## EXERCISE INSTRUCTIONS
In the records below, reproduce exactly the lines from the one containing "Brown water scr" through the one containing "Item preview, Blue", both included, and omit the pictures.

## GIVEN RECORDS
▬▬▬

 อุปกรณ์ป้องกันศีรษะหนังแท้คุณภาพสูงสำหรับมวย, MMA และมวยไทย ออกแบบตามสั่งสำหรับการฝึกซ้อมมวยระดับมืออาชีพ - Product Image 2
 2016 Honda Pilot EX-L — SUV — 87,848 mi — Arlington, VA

▬▬▬

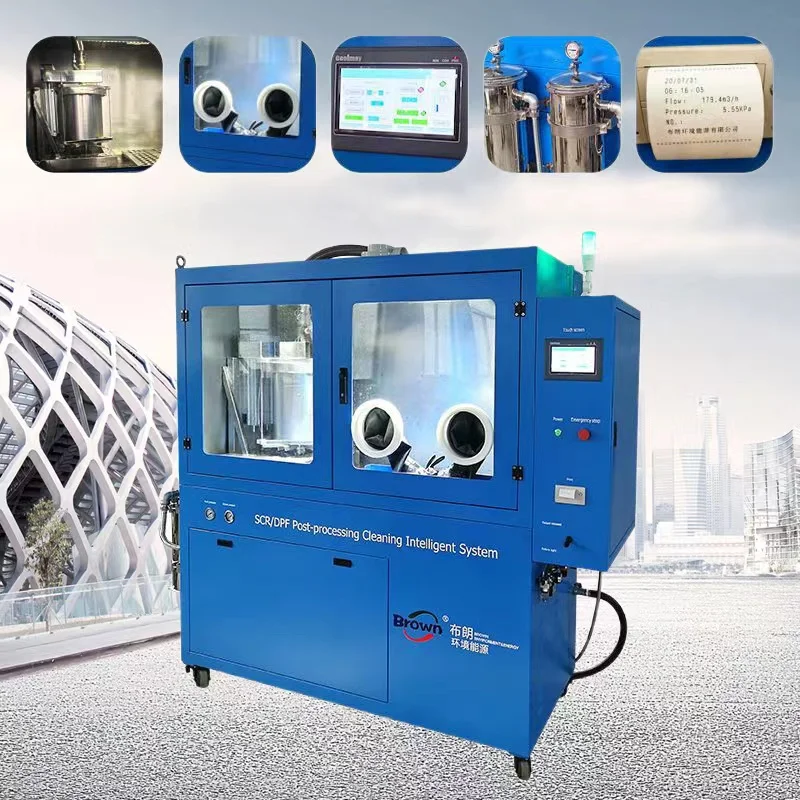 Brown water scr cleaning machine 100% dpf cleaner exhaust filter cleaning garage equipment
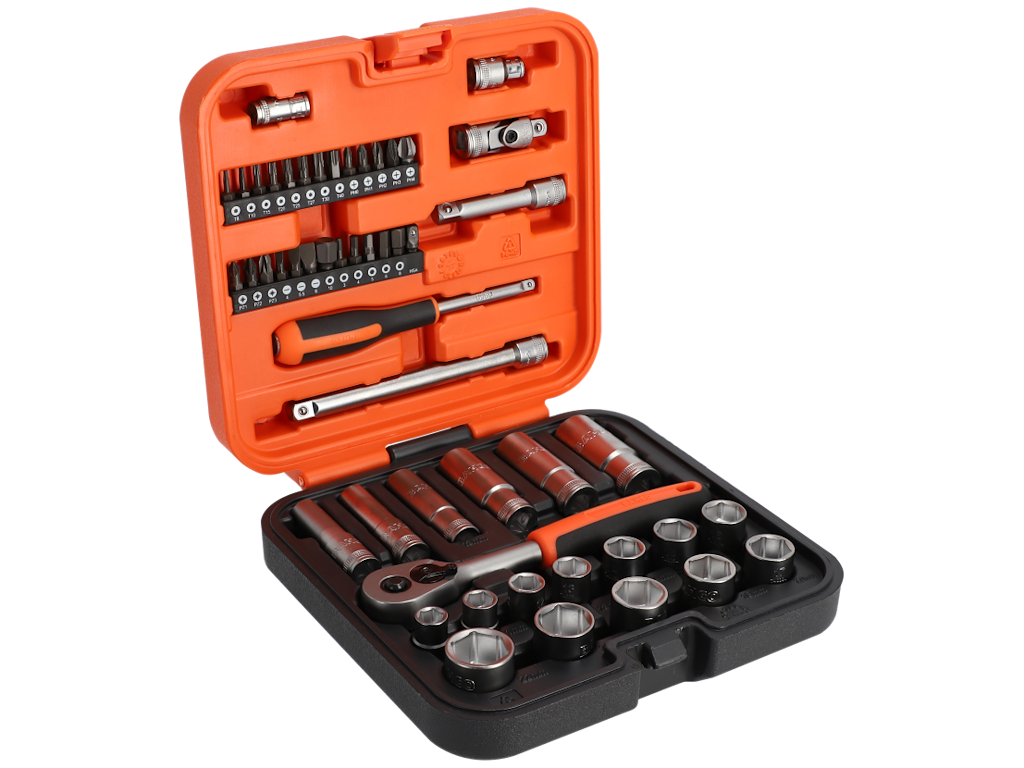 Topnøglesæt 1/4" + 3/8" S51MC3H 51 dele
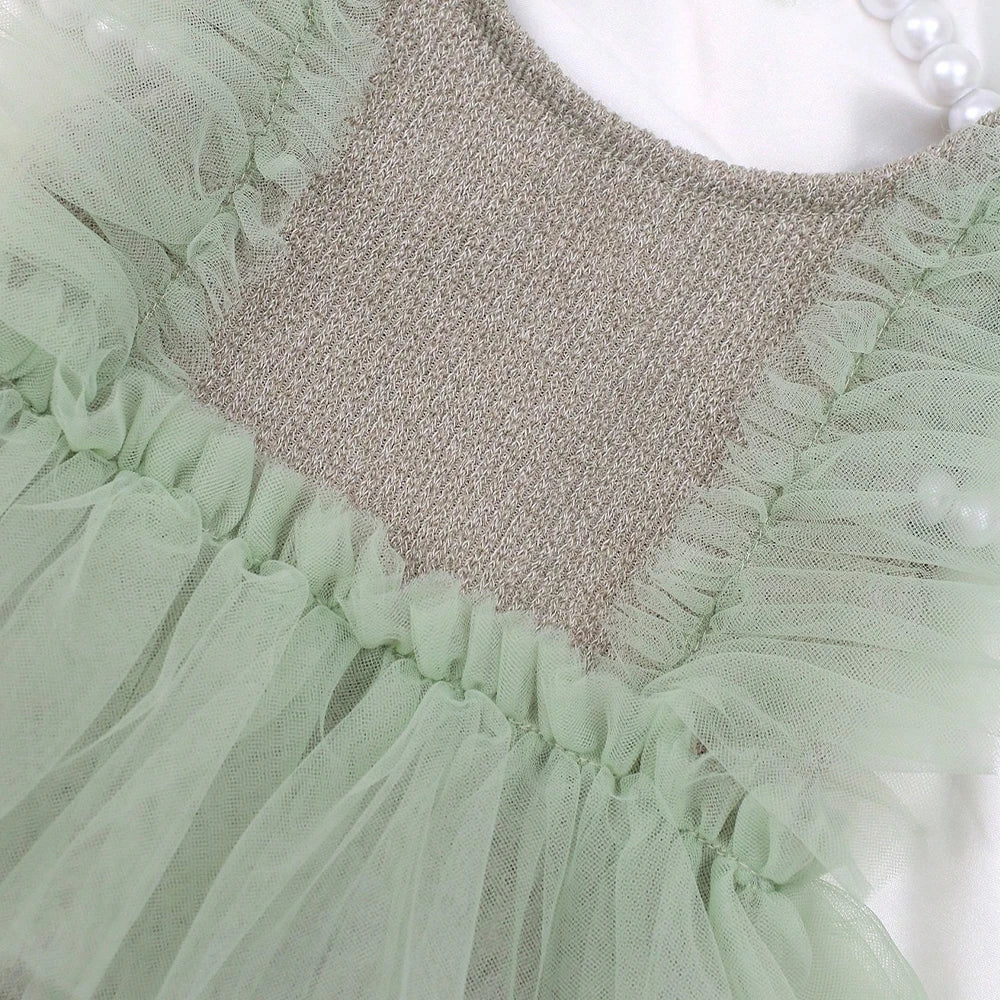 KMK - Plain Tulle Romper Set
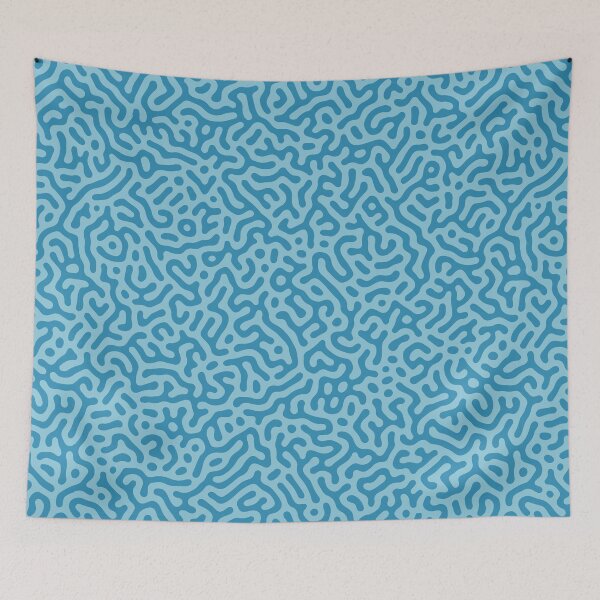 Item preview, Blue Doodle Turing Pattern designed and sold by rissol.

▬▬▬

## EXERCISE SOLUTION
 Brown water scr cleaning machine 100% dpf cleaner exhaust filter cleaning garage equipment
 Topnøglesæt 1/4" + 3/8" S51MC3H 51 dele
 KMK - Plain Tulle Romper Set
 Item preview, Blue Doodle Turing Pattern designed and sold by rissol.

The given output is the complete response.